BTW, I don't see a benefit to use a non-owning String_Buffer over std::string (or std::string_view) in this context.
The subtext is a resource constrained system where std::format is considered too heavyweight. In that scenario, explicit non-automatic memory management is a benefit. It could still leverage std::string_view and be agnostic on the topic.
I have recently started re-implementing parts of the standard library myself just to improve compile times (and I did - massively!), but I purposely kept {fmt} around, because I think it's a great library and I thought it would be as fast to compile as you could possibly make it (it likely still is considering what it can do).
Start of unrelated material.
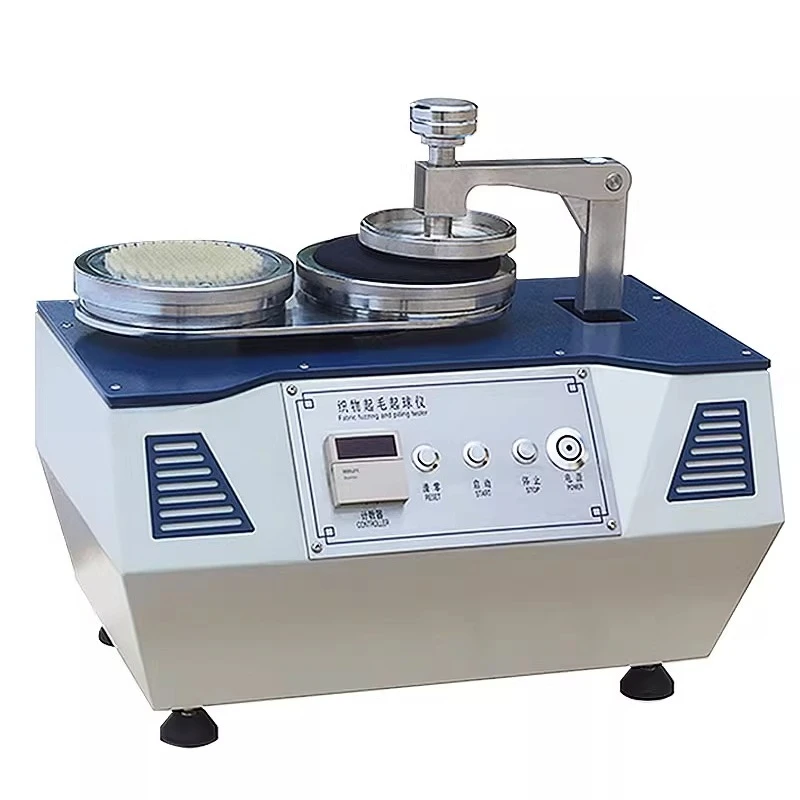 Fabric fluffing pilling tester textile fabric circular track friction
Also because the dev put a lot of effort into optimizing compile times [1] and seems to be much smarter than me. So I made benchmark to prove you wrong and show you it's not that easy. But it turns out formatting a couple of numbers and strings is much faster with your basic formatting library [2] [3].
Comparing using `hyperfine --warmup 3 "g++ FILE.cpp"` (and some flags for fmt) I get 72ms vs 198ms. So I changed my mind and might take a crack at replacing {fmt} as well. Cool stuff! Thank you.
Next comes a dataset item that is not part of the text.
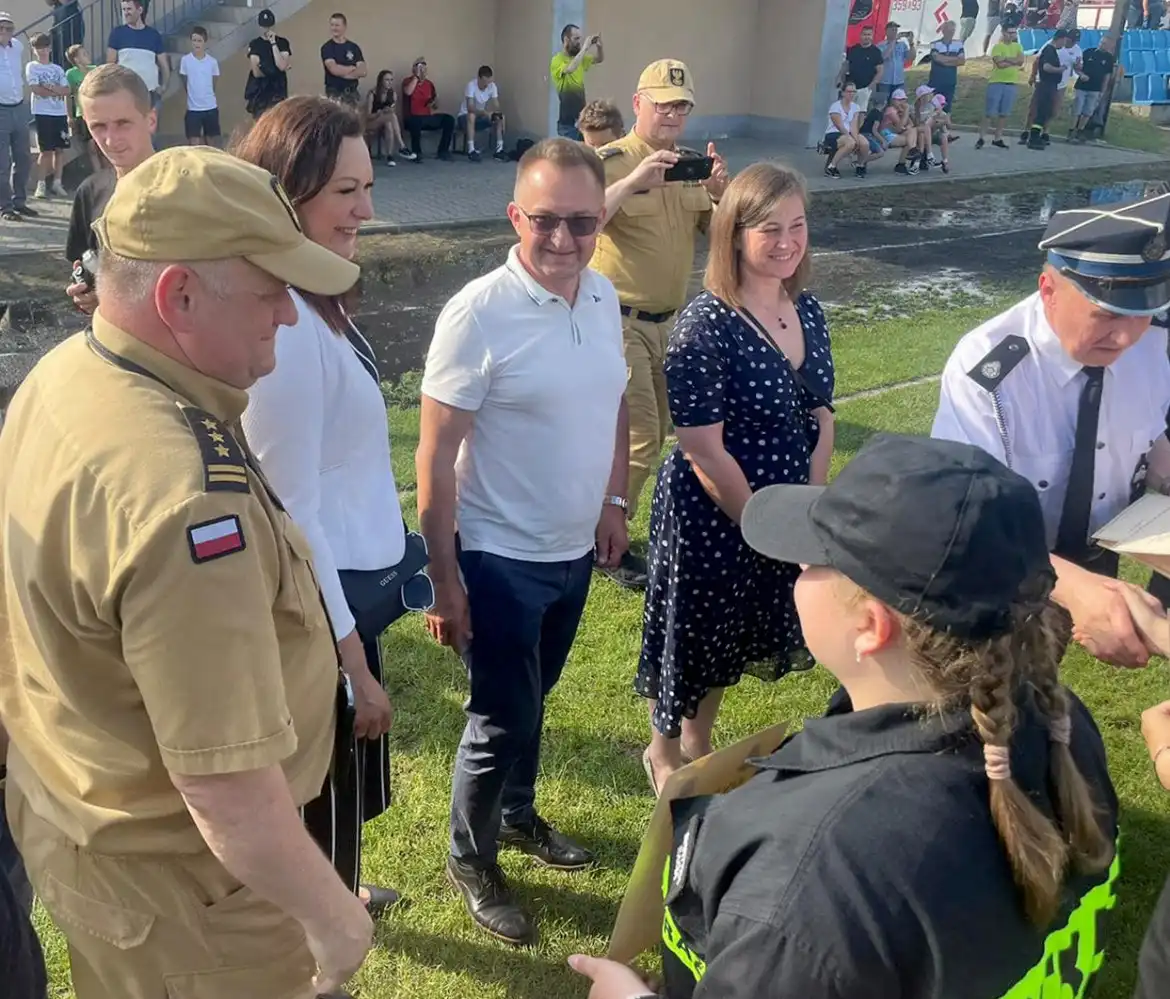 XII Powiatowe Zawody Sportowo-Pożarnicze dla jednostek OSP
[1] https://vitaut.net/posts/2024/faster-cpp-compile-times/
[2] https://godbolt.org/z/3YaovhrjP bench-fmt.cpp
[3] https://godbolt.org/z/qMfM39P3q bench-rikifmt.cpp
rikifmt only supports the default formatting which is somewhat limited and in the current implementation cannot even format std::string or FP numbers without data loss. Once more functionality is added the variadic template approach will quickly become the limiting factor both for build speed and binary size. But for toy examples you can definitely do better.
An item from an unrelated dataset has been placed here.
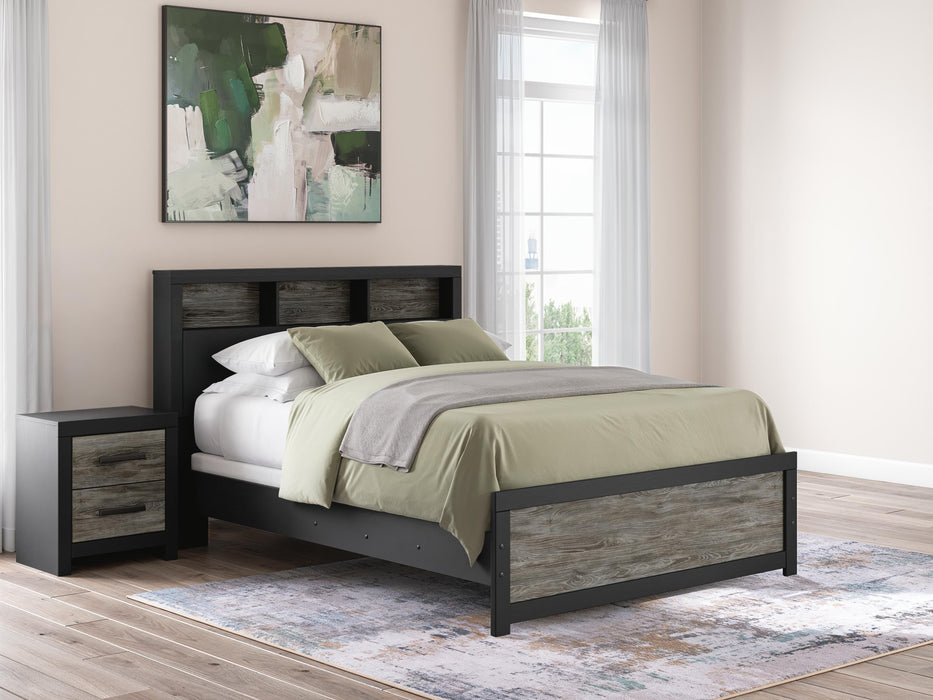 Broachmyn Bed - Pierce Furniture Gallery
I'm lost at the first line of code:
char buffer[64];
And then it's not used anywhere!
I was curious about the "Why not printf" section, but I found code I don't understand there, too. For example this admittedly non-working snippet is cited as idiomatic:
char str[4] = {0};
int cursor = 0;
cursor += snprintf(str, sizeof str, "hello ");
cursor += snprintf(str, sizeof str, "world!");
Of corse this doesn't work (if the intent was to assemble the "hello world!" string, of which I'm not entirely sure), but not for the reason stated in TFA. You need to actually use cursor, not merely set it! :)
Nice. I think most people have tried doing something like this in C++ at some point.
One issue that I had is that printing floating-point values really needs the ability for the user to specify the precision and format. It's actually absurd that `std::to_string(double)` does not allow this.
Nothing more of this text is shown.